Os esforços do Uber nessa área começaram em 2015, quando a empresa contratou cerca de 50 pesquisadores da Universidade de Carnegie Mellon, um dos principais centros de referência sobre o assunto no mundo, em Pittsburgh. A cidade, que até meados dos anos 1960 era o maior polo de produção de aço do mundo, se reinventou atraindo empresas de tecnologia. A equipe deu origem ao Centro de Tecnologia Avançada do Uber, ampliado no início do ano passado.

 

Poucos meses depois, a empresa deu um salto ambicioso: tornou-se a primeira empresa a testar carros autônomos em escala comercial na cidade, sob supervisão de engenheiros. Na prática, qualquer usuário do Uber pode ser escolhido, aleatoriamente, para ser atendido por um carro autônomo, ao solicitar uma viagem. O projeto começou com cem carros e, hoje, já dobrou e chegou a outros dois municípios: Phoenix, no Arizona, e São Francisco, na Califórnia.

 

“O Uber foi corajoso em colocar pessoas perto de um sistema que não está pronto”, diz Bryant Smith, professor da Escola de Engenharia da Universidade do Sul da Califórnia.

 

Reveses

 

Mas, depois desse impulso inicial, muita coisa mudou no Uber. Ao longo de 2017, a empresa se envolveu em vários escândalos, como a denúncia de uma ex-funcionária sobre assédio sexual. Após uma ampla investigação interna, o então presidente executivo, Travis Kalanick, deixou a empresa no final de junho, sob forte pressão dos investidores. Ele foi substituído pelo iraniano Dara Khosrowshahi, que tem uma ampla reforma organizacional pela frente. “Costumo dizer que Dara está trazendo ‘cabelos brancos’ para o Uber”, diz Arévalo. “Ele tem mais experiência e poderá trazer disciplina.”

 

O projeto do carro autônomo sofreu um baque ao virar alvo de uma disputa judicial com a Waymo, empresa de carros autônomos do Google. Um dos principais engenheiros da empresa do Uber, ex-funcionário do Google, foi acusado de roubar tecnologias antes de fundar a startup Otto, posteriormente comprada pelo Uber. Ainda não há uma decisão da Justiça sobre o caso, e o Uber não comenta.
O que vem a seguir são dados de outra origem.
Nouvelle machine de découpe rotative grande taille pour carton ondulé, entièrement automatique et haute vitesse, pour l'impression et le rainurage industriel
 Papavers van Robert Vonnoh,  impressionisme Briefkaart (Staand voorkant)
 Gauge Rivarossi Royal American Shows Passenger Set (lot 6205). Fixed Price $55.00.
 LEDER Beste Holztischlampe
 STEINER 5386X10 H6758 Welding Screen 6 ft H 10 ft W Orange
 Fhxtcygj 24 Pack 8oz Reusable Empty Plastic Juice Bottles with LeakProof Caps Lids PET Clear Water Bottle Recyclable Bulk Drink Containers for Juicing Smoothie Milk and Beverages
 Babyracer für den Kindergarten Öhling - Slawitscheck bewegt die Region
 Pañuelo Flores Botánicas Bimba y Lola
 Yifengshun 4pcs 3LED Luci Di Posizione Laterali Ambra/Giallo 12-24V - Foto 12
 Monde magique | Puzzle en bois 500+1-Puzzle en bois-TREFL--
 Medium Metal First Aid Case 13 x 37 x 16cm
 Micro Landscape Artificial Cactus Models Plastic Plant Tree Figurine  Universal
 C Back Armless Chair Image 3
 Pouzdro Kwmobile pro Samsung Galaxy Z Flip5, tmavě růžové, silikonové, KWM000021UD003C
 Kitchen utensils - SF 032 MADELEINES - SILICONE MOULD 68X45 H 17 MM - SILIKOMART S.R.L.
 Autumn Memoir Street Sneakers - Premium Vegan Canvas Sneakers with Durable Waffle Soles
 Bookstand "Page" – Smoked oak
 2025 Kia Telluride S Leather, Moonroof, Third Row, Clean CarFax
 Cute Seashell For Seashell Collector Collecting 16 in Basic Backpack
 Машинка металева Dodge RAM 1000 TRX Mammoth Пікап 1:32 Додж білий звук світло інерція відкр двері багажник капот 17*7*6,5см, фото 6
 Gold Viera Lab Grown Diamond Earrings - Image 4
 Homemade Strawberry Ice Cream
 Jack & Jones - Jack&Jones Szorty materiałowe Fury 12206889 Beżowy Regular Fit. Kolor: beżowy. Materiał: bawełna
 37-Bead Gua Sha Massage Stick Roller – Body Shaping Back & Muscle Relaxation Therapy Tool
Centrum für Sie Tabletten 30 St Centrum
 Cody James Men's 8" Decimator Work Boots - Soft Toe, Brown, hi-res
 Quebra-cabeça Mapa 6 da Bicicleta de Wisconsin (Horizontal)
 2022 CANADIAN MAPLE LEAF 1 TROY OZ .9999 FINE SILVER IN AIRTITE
Mas já há especulações sobre o impacto que a decisão pode ter no projeto. “Se o Uber perder, isso vai custar tanto à empresa que eles podem reconsiderar se vale a pena continuar (investindo)”, diz Ramsay, do Gartner.

 

Mas esses não são os únicos desafios para o carro autônomo do Uber. O principal entrave ainda é técnico. “A latência (tempo de resposta) do sistema é um dos principais desafios”, conta Noah Zych, chefe de segurança de sistemas do Centro de Tecnologia Avançada do Uber. “Nossos algoritmos precisam funcionar de forma mais consistente, além de prever o que está acontecendo em volta do carro, em qualquer situação.” Na prática, hoje o sistema ainda não está pronto para dirigir como um humano.

 

Outro desafio é de percepção – a empresa tem obtido sucesso nessa área. Os passageiros, segundo engenheiros do Uber entrevistados pelo Esta- do, não têm medo de usar o veículo sem motorista. Do ponto de vista regulatório, porém, a equação não é simples. Em vista do histórico do Uber, que inclui inúmeras disputas com órgãos reguladores no mundo, deve haver resistência em cooperar com a companhia.

 

“A reputação do Uber não é boa e a empresa precisa mudar”, diz Smith. “O sucesso dos carros autônomos depende da confiança que as pessoas e os governos têm na tecnologia, mas também nas empresas que as desenvolveram”. (O Estado de S. Paulo/Claudia Tozetto)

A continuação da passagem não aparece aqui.